In the current study, the PoseScore of the 10 proteins ranged from 0.741 to 4.69. Among these proteins, the lowest PoseScore was observed for 5HCX (0.741), which exhibited the most stable co‐crystal ligand pose (Figure 5). Apart from 5HCX, five other proteins 5CAO, 5CAN, 5CAS, 5CAP, and 5C8M had also exhibited PoseScores <2, that is, 0.806, 0.882, 1.014, 1.296, and 1.844, respectively (Figure 5). For three of the six above‐mentioned proteins (5HCX, 5CAO, 5CAS), their respective PersScore values were 0.838, 0.828, 0.83, which indicated the retention of hydrogen bonds for 80% or more of the average period of simulation. While in case of the remaining three proteins (5CAN, 5CAP, 5C8M), the H‐bond contacts were maintained for over 50%–60% of simulation time. On the other hand, PoseScore values >2 was observed for four structures, namely, 5C8N (2.767), 5HCY (3.403), 4RJ8 (4.429), 4RJ4 (4.469) (Figure 5). The high RMSDs observed for these ligands is a clear indication of the co‐crystal ligand's instability in their respective binding pockets because of which they were displaced from their initial position when subjected to BPMD's bias. 4RJ8 and 4RJ4, which displayed PoseScores of 4.429 and 4.69 exhibited zero PersScore values indicating a total absence/loss of H‐bond contacts. The remaining two proteins, 5C8N and 5HCY, also exhibited poor PersScore values (0.173 and 0.107, respectively). Therefore, these four proteins that showed high PoseScore and low PersScore were removed from consideration at this stage. Moreover, a comparison between the PoseScore and PerScore distribution of the 10 proteins (Figure 6) revealed that in all the cases when a protein–ligand complex has good PoseScore (i.e., less than 2) it also demonstrated good PersScore (i.e., greater than 50% interactions). Therefore, the six crystal structures 5HCX, 5CAO, 5CAN, 5CAS, 5CAP, and 5C8M having PoseScore <2 and PersScore >0.5 were thus taken forward for enrichment factor (EF) calculations (Figures 5 and 6).
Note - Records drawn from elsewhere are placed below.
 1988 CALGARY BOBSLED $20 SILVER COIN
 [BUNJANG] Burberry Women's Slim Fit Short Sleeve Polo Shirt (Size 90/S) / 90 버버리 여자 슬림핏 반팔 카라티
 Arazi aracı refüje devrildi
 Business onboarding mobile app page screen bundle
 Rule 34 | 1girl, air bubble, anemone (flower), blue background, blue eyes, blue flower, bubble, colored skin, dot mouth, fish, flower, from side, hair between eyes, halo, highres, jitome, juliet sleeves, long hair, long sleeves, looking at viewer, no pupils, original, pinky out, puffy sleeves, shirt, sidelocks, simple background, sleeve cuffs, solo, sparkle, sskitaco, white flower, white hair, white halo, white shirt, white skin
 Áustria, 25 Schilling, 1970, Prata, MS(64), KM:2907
Furthermore, the similarity of the crystal ligands bound to these six proteins was also considered and it was observed that all the six co‐crystal ligands are dissimilar (Figure 3 and Table S2).

Binding Pose Metadynamics results of the 10 EGFR mutant proteins along with their PoseScore and PersScore.
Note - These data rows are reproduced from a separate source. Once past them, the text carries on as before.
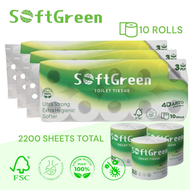 SoftGreen 4D ARTO Embossed 140g/Roll 3Ply Toilet Paper 10Rolls 2200Sheets FSC Certified 100% Natural
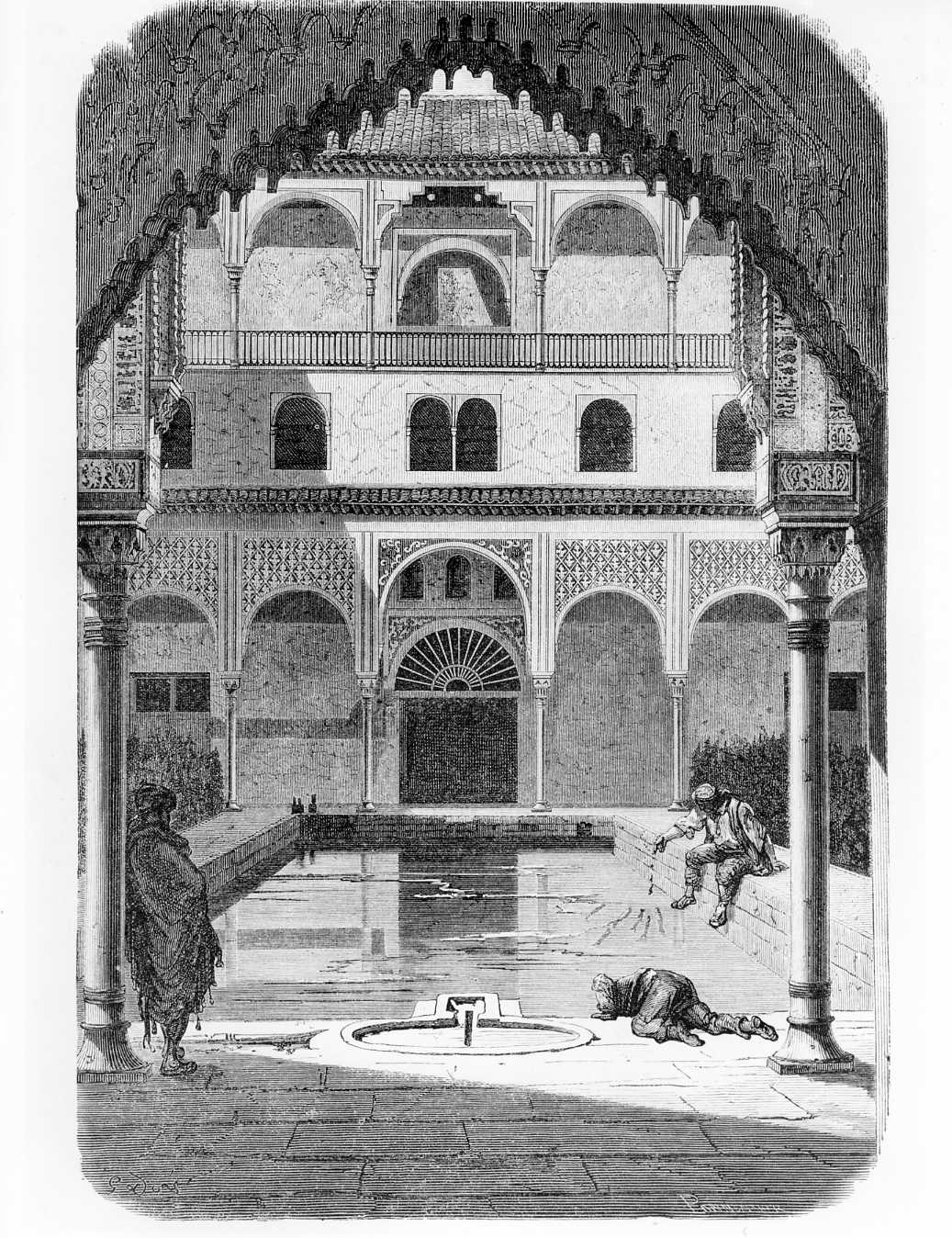 L'Alhambra. Cortile del Mirto (Patio de los Arraianes), veduta di un palazzo (stampa) di Doré Gustave (attribuito), Pannemaker (attribuito) (sec. XIX)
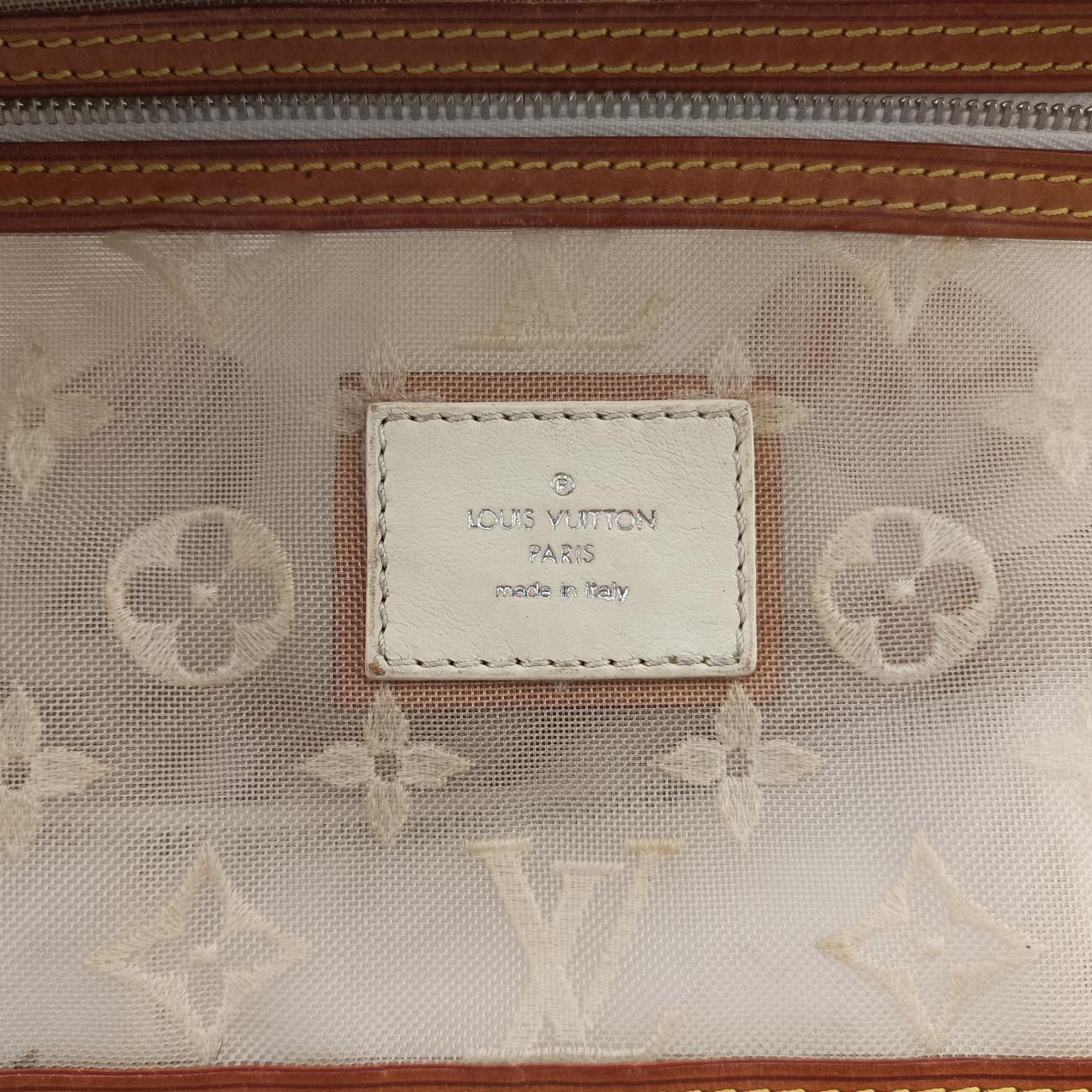 Transparence Lockit East West white Ikat nylon canvas× leather M40701 FO0142トランスペアレンス ロックイット イーストウエスト ホワイト イカットナイロンキャンバス×レザー M40701 FO0142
Comparison between PoseScore and PersScore of the 10 protein–ligand complexes for which BPMD was performed.

2.4. Enrichment metric evaluation

A common difficulty that arises with VS is the “early recognition” problem wherein the position of active molecules in the rank ordered screened list of ligands is unknown, that is, whether they lie in the early or last part or distributed throughout the set (Truchon & Bayly, 2007). Since, experimental validation is done post VS, for the top few compounds only, therefore identification of an optimal crystal structure that is capable of identifying the true actives early in the dataset is critical. If active molecules are not present early in the set, then there is a chance that they may be missed during experimental validation. Therefore, the six TMLR crystal structures shortlisted after cross‐docking, ligand similarity, binding‐site conformational similarity comparison, and BPMD were then validated by docking a library of molecules containing both actives and decoys and evaluating them using various enrichment metrics like ROC, area under the accumulation curve (AUAC), robust initial enhancement (RIE), Boltzmann‐enhanced discrimination receiver operator characteristic (BEDROC), and 1% enrichment factor (EF_1%) (Table 2).

TABLE 2.

Results of the enrichment calculations performed for the six proteins identified through BPMD.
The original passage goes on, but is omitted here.